The Education Secretary Justine Greening has now ordered a major review of council policies about school transport provision for disabled children. In particular she has received concerns that some parents were receiving misleading advice.
Councils are being forced to make hard choices in the face of ‘sustained financial challenges’. As the Economist reports since 2010 the budget deficit has been reduced from 10% to 4% of GDP; by 2020 it is forecast to be almost eliminated: “To achieve this, the government has slashed spending. Hardest hit has been the Department for Communities and Local Government, which provides councils with most of their funding”.
One example is that of Christine Anderson who had to leave her job to make a 60-mile round trip to school with her 15-year-old son Christopher, who has physical and learning disabilities including spina bifida and hydrocephalus.
Jonathan Carr-West of the Local Government Information Unit, says “it is clear that some councils may soon be unable to meet their statutory duties of caring for the most vulnerable”.
261 complaints about school transport decisions were made to England’s local government ombudsman in 2015-16. The figure is a marked increase, says the ombudsman, Michael King.

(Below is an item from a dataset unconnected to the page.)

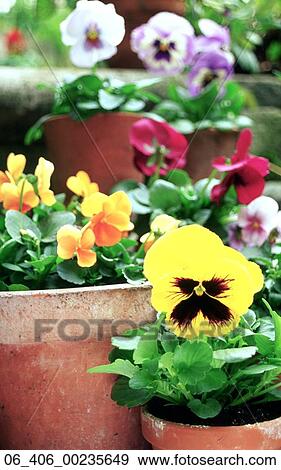 Stock Photo -  PlantsPansies in terracotta pots in a garden . Fotosearch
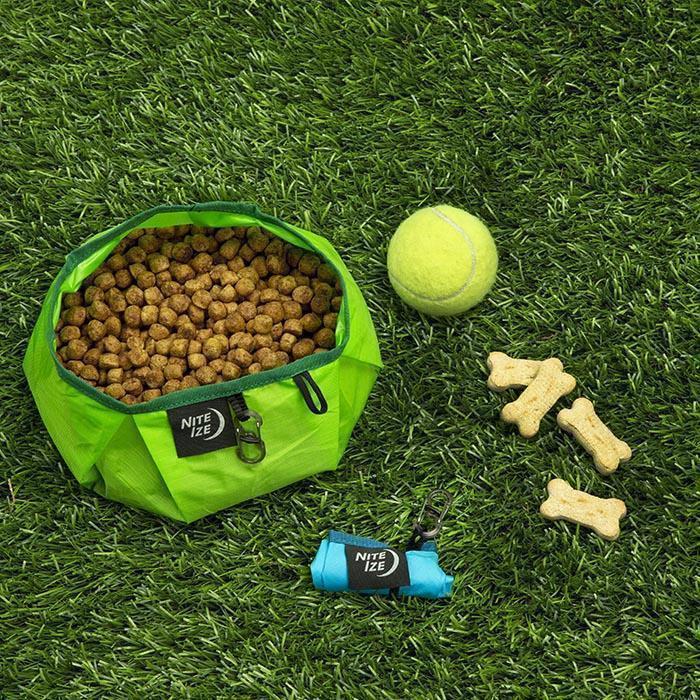 RadDog Collapsible Bowl - Lime 1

Only Disability United – outperforming all other media articles – gave a link to his report, All on Board, Navigating School Transport Issues, which recommends that councils should:
- consult parents and schools on changes to individual pupils’ transport arrangements
- provide clear and accessible information on eligibility for free transport
- consider individual pupils’ transport needs “carefully and judiciously”
- consider wider health and safety issues as well as mobility for special needs pupils
There have been campaigns about cuts to transport for children with disabilities over the years in many areas
Demo organised by Eleanor Lisney, a Coventry campaigner and member of Disabled People Against Cuts (DPAC)
The Coventry Telegraph, reporting on these cuts, pointed out that local authorities are required to provide travel assistance for all children who cannot reasonably be expected to walk to school because of their mobility problems or because of associated health and safety issues related to their special educational needs or disability.